This week, you continue your journey of discovering your beliefs—and you become more conscious of their power in your life. Becoming aware of your unconscious belief systems prepares the way for you to consciously choose what you wish to believe—beliefs that serve you to become the best person you can be and to be the best contributor to those around you.


Mistaken Beliefs and Stinking Thinking

In order to create and experience true intimacy with others and with your family, you need to become increasingly differentiated from your family system and increasingly individuated. Challenging limiting beliefs and choosing what you believe and think creates the foundation for an increased sense of yourself and increases your capacity for intimacy.

This week, you become more aware of the thoughts that arise from your mistaken beliefs, the thoughts that determine your behavior. All of us develop “mythconceptions” to some degree that color our thinking. According to Alfred Adler, we develop mistaken beliefs in different areas—about ourselves, about the world, about what we expect from the world, and about what the world expects from us. Mistaken beliefs about ourselves can be beliefs such as: I am not good enough. I’m not lovable. I’m not worthy. Mistaken beliefs about our emotions are beliefs such as: My feelings are bad. Having feelings is weak. My feelings are wrong and must be suppressed or hidden. I’m too sensitive. And, our mistaken beliefs about the world are beliefs such as: The world is not safe. The world is scary. People are out to get me. There isn’t any support for me. There isn’t enough for me. Resources are scarce.

Our mythconceptions are just that—mistaken concepts, which cause faulty thinking. Our mistaken beliefs and assumptions spawn Stinking Thinking, which prevents conscious critical thinking, keeps us stuck in negative self-fulfilling prophecies, and limits our potential and our experience of intimacy.
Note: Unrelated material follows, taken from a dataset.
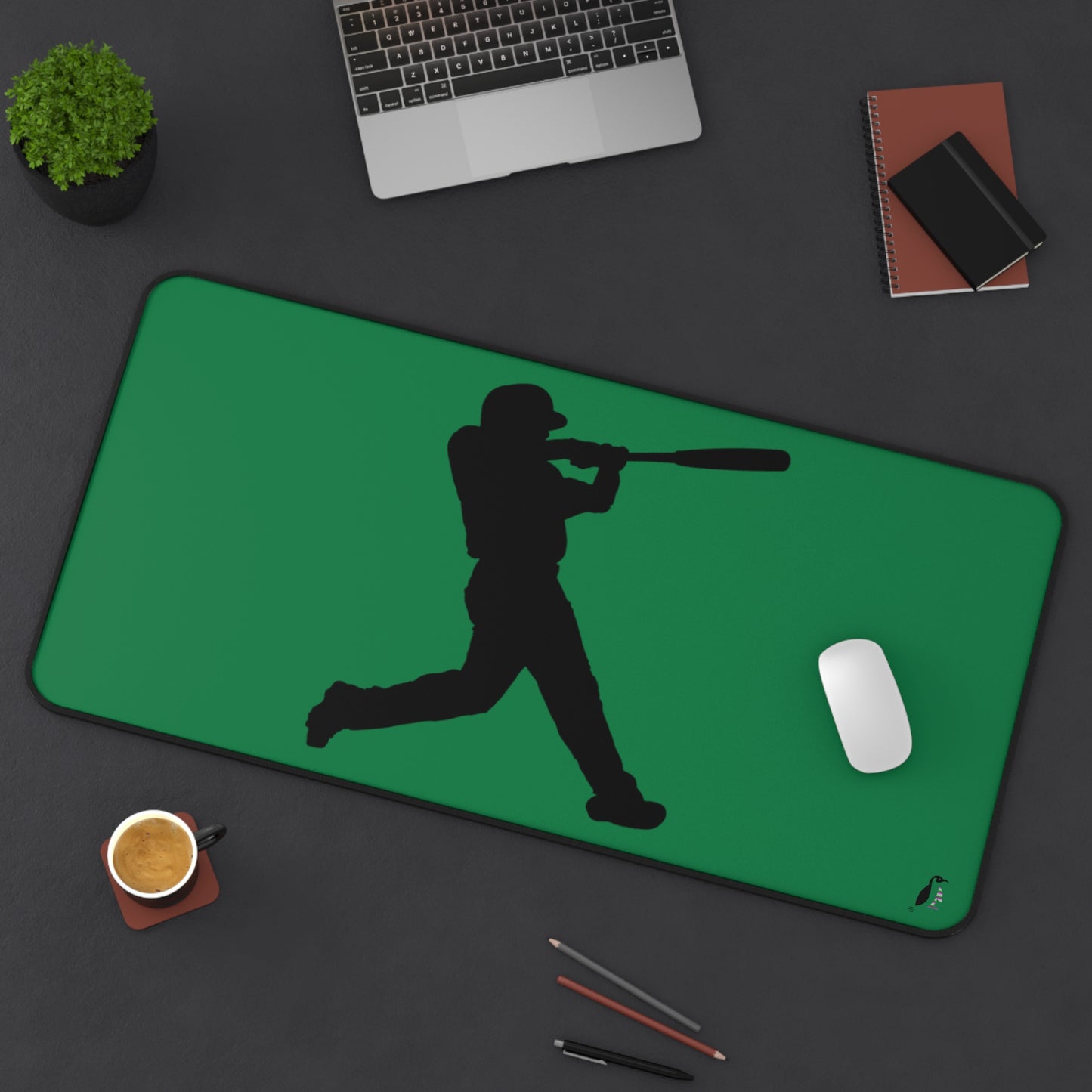 Desk Mat: Baseball Dark Green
Stinking Thoughts are inaccurate thoughts that seem factual, but are not true. Stinking Thinking takes many forms: rationalizing, making excuses, being defensive, over-generalizing, thinking you are unloved or unworthy, labeling, blaming, minimizing, projecting, being prejudiced, mind reading, being superstitious, obfuscating, all-or-nothing thinking—all ways of fudging or denying the truth and escaping from the deeper reality underneath.


Stinking Thinking is More than Thoughts

Stinking Thinking may arise not just as thoughts, but also as visions, feelings, moods, or sensations. You might have a sense of dread, a heaviness in the pit of your stomach, an irritable mood, feelings of being ungrounded, or other sensations or moods. Be aware that these responses are from your matrix, which may be signaling beliefs and Stinking Thinking, and not accurate responses to reality.

When we feel an “unfamiliar” joyous, open, optimistic mood, our addiction to our more negative mood states activates, and we think a Stinking Thought to trigger the familiar, “down” mood. Moreover, we can become addicted to certain mood states and the neurochemical wash associated with them. When we aren’t feeling cranky or irritable, for example, we think Stinking Thoughts to trigger the familiar mood.


Tactics and Behaviors

Stinking Thinking often develops into what we call Tactics—patterns of behavior and defense mechanisms, such as avoiding, minimizing, superiority, passive aggressiveness, self-pity, manipulation, or lying. These tactics negate our need to change and keeps us in denial that thinking errors exist. These tactics keep us stuck in irresponsible thinking patterns, avoiding responsibility that prevent us from growing and becoming. You’ll find a cheat sheet of Tactics attached to this lesson. Practice “calling” Tactics and Stinking Thinking as you interact with other people. Give each other a Stinker so that you can stop and become aware of your feelings and deeper yearnings and can choose a more empowering, responsible way to interact. If you or other members get stuck in the pattern, or are unable to see clearly where you are hooked, then do a Stinking Thinking Template to unlock the pattern.

Our mistaken beliefs and assumptions spawn Stinking Thinking, which prevents conscious critical thinking, keeps us stuck in negative self-fulfilling prophecies, and limits our potential and our experience of intimacy.

Challenge Your Stinking Thinking

Your assignment this week is to deepen your work on family rules, myths, and beliefs by seeing how these spawn Stinking Thinking and how your Stinking Thinking helps to show you your mistaken beliefs. Watch for your Stinking Thinking as Tactics and behaviors, not just your thoughts.

And, as you catch your Stinking Thinking and Tactics, challenge your thinking to choose an alternative, more empowering thought or way of being. Engage in new behaviors that challenge your Stinking Thinking. Stretch into new behaviors that fly in the face of your Stinking Thinking!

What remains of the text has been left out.